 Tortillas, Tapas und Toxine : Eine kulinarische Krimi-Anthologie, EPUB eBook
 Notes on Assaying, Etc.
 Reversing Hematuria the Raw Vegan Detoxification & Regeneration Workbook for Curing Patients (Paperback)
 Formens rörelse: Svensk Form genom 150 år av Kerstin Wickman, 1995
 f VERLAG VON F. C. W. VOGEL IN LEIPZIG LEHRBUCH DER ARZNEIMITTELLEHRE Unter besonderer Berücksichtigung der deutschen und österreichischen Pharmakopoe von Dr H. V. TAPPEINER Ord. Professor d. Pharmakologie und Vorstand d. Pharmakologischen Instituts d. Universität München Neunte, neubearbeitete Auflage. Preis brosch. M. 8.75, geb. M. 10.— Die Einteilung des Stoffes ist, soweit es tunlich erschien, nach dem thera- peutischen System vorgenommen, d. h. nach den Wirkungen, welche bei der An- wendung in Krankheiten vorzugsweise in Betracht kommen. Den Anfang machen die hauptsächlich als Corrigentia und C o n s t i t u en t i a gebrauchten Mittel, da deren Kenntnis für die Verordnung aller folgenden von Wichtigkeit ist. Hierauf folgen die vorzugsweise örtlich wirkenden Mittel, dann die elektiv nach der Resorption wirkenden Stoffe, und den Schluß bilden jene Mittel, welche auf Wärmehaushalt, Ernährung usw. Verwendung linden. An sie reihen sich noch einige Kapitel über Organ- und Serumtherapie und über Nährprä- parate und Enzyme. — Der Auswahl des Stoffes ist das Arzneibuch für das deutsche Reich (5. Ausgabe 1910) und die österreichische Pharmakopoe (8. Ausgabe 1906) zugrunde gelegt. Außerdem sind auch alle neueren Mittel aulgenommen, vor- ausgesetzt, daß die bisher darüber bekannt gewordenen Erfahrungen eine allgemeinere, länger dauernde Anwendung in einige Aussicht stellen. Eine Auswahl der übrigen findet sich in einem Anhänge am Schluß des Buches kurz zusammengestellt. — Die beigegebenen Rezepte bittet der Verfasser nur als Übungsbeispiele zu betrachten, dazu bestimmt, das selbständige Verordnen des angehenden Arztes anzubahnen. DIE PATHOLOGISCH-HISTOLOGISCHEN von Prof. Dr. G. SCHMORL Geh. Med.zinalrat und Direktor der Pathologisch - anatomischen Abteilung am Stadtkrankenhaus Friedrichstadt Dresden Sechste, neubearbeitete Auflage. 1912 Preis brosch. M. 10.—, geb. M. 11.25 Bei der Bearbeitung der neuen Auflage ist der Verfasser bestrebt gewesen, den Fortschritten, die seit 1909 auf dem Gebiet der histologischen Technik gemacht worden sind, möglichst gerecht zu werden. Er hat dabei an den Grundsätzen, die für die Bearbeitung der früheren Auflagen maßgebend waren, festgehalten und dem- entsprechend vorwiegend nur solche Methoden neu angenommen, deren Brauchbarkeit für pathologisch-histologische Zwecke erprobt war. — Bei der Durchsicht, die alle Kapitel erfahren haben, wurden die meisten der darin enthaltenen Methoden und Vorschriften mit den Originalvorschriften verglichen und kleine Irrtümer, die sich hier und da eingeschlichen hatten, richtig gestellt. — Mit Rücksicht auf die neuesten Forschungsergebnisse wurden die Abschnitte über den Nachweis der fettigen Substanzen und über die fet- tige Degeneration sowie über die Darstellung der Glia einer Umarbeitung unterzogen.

------

Brief: The range runs from the line above containing "Notes on Assaying, Etc." to the line containing "Formens rörelse: Svensk", inclusive. Restate those lines word for word and no others.

Response:
 Notes on Assaying, Etc.
 Reversing Hematuria the Raw Vegan Detoxification & Regeneration Workbook for Curing Patients (Paperback)
 Formens rörelse: Svensk Form genom 150 år av Kerstin Wickman, 1995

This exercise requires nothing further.